The papers go into a wooden box that is buried in the backyard. That night during a storm, which only happens at their home, a young boy named Timothy appears. He calls them “mom” and “dad.”
The crucial casting here is obviously Timothy. Hedges found a gem in CJ Adams, who as luck would have it had a few lines in “Dan in Real Life” when he was 6. What makes Adams so special is his uncanny ability to play a kid who is not quite real.
You know what kids are like in real life and for that matter in movies. They are seldom smarter than their parents or see the bright side to everything — “I can only get better!” Timothy exclaims to the soccer coach when he can barely kick a ball — or know how to create a secret world with an older girl without the parents finding out.
Adams with his mop-hair and cherubic face acts like an old soul, who guides his new parents through their parenting lessons and encourages them to move on from their mistakes.
Oh, there is one peculiar thing about Timothy. Leaves grow on his legs, leaves that cannot be removed.
Meanwhile, he makes friends with a very pretty older girl (a fine debut by Israeli-born actress Odeya Rush) who has her own secret. His parents don’t understand the nature of their child’s relationship with this girl but he wisely ignores their advice in this matter.
The film moves down a checklist of qualities and experiences that originally appeared on the buried “wish list.” Honest to a fault — check, only mom loses her job. A Picasso with a pencil — double check. The “scores the winning goal” gets checked too but doesn’t turn out as they imagined.
These incidents do take in many of the characters of this small town, named Stanleyville. This includes Jim’s own dad (David Morse), who was never a supporting father to his son; an uncle (M. Emmet Walsh) with health issues; and Cindy’s sister (Rosemarie DeWitt), obsessed with her own children’s achievements.

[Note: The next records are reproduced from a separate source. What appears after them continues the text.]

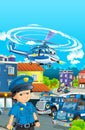 Cartoon stage with different machines for police duty and policeman - colorful and cheerful scene Royalty Free Stock Photo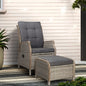 Gardeon Recliner Chair Sun Lounge Wicker Lounger Outdoor Furniture Patio Adjustable Grey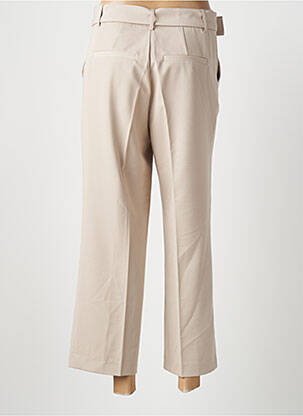 Pantalon 7/8 fermeture zippée sous rabat avec crochet taille normale beige KAFFE femme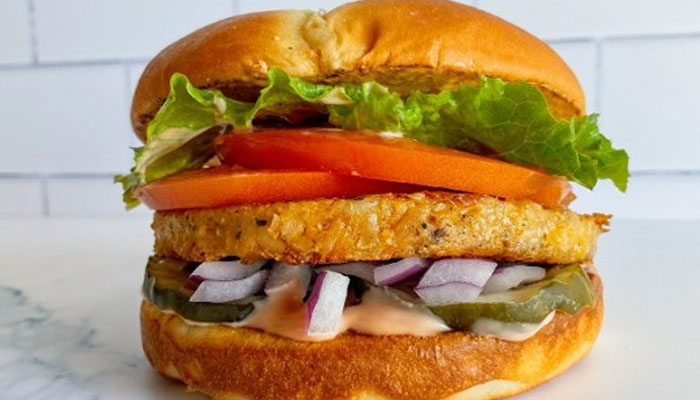 Try the meat free option of the garden burger from Fanci Freeze in Boise and Meridian, Idaho.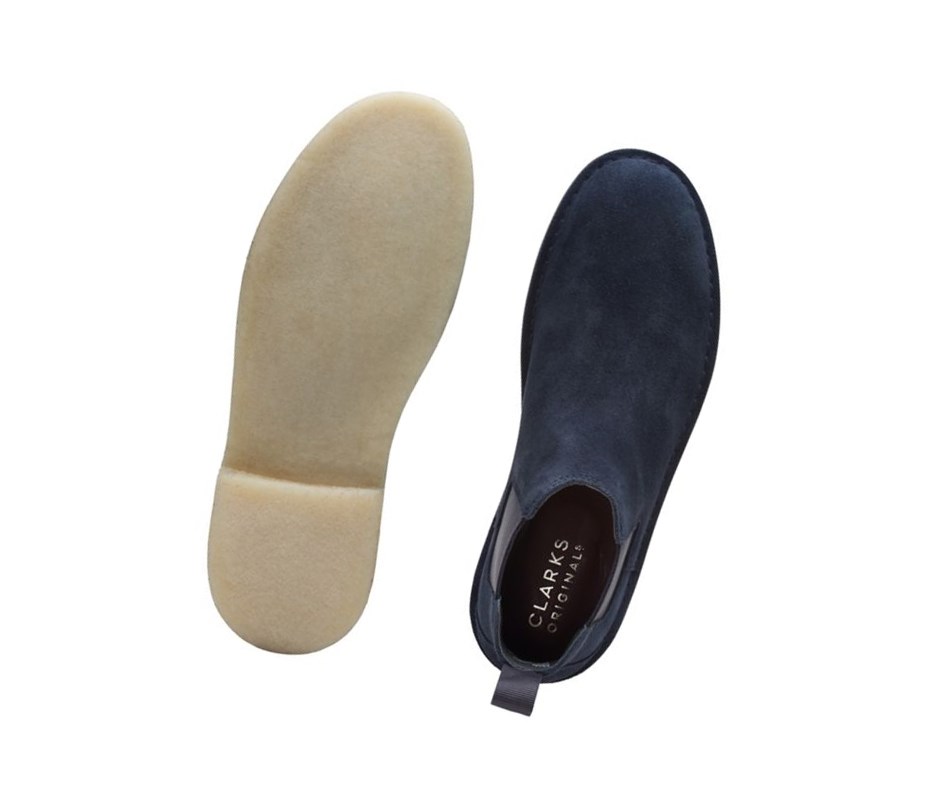 Clarks Desert Wildleder Chelsea Boots Herren Navy | JDRL35294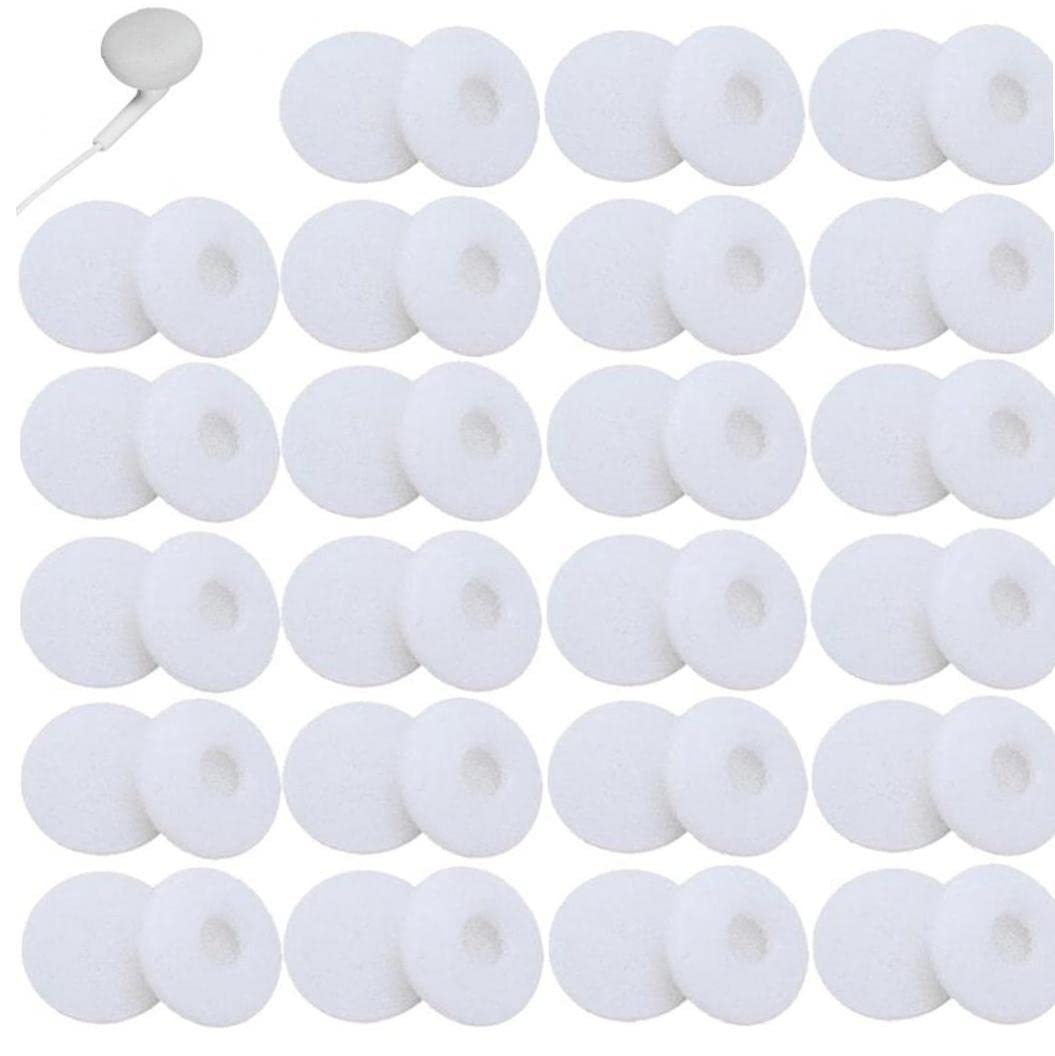 vepoty 50 Pcs Noise Memory Silicone Eartips in Ear Earphone Earbud Sponge Earmuffs Ear Eartips for Flat Head Earphone Earbuds
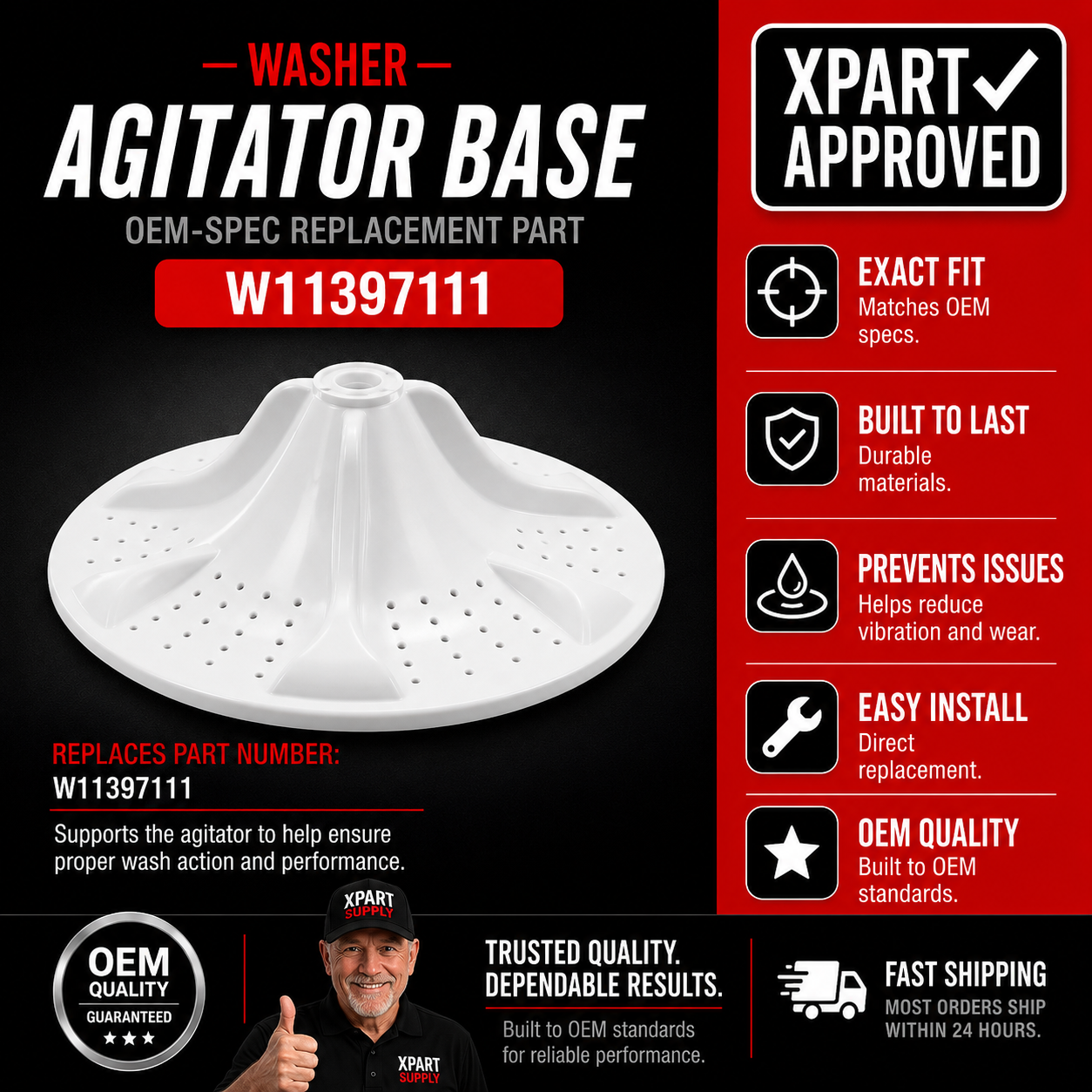 Whirlpool Agitator Base W11397111 — Restore Full Wash Agitation
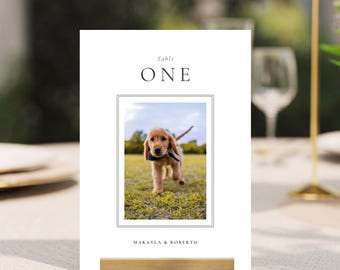 Modern Table Numbers Printable, Simple Table Numbers, Minimalist Wedding Dog Table Number Template Canva, Aesthetic Editable Table Numbers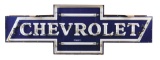 Chevrolet Motor Cars Porcelain Bow Tie Neon Dealership Sign On Original Metal Can.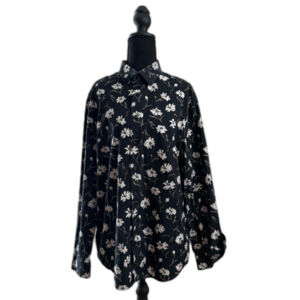 Men's Large Slim Black White Floral Express Button Down Dress Shirt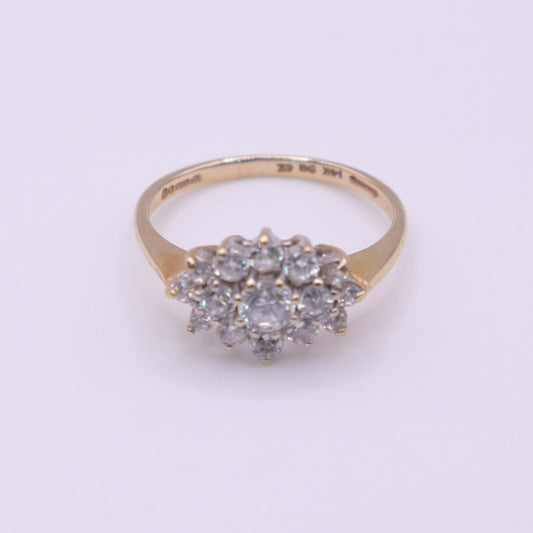 Second-Hand 14ct Yellow Gold Cluster CZ Ring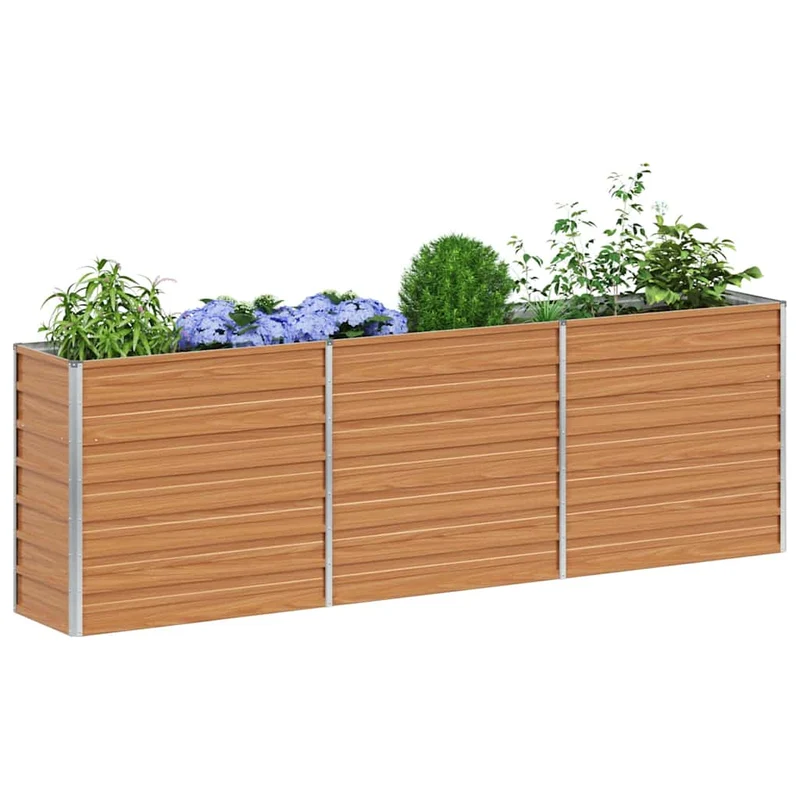 Arriate Elevado Marrón Claro 240 X 40 X 77 Cm Acero Galvanizado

Then there’s the pencil factory, the town’s number-one employer, where Jim works. It’s losing money and laying off workers. Does Timothy have another miracle up his sleeve?
These “miracles” tend to have an inner logic where a suggestion from Timothy inspires the adults to make things happen. You might see where this is all going but the journey has its charms and whimsy.
As with “Gilbert Grape,” Hedges catches the small-town flavor perfectly. “Timothy Green” lacks the enchantment of that film but it does catch equally as well the comedy, drama and tragedy that can befall a group of characters who are treated with empathy and understanding.
This is a fine film, where the below-the-line work is exemplary, so you can concentrate on a cast that brings to life a series of memorable characters.
Opens: August 15 (Walt Disney Motion Picture Studios)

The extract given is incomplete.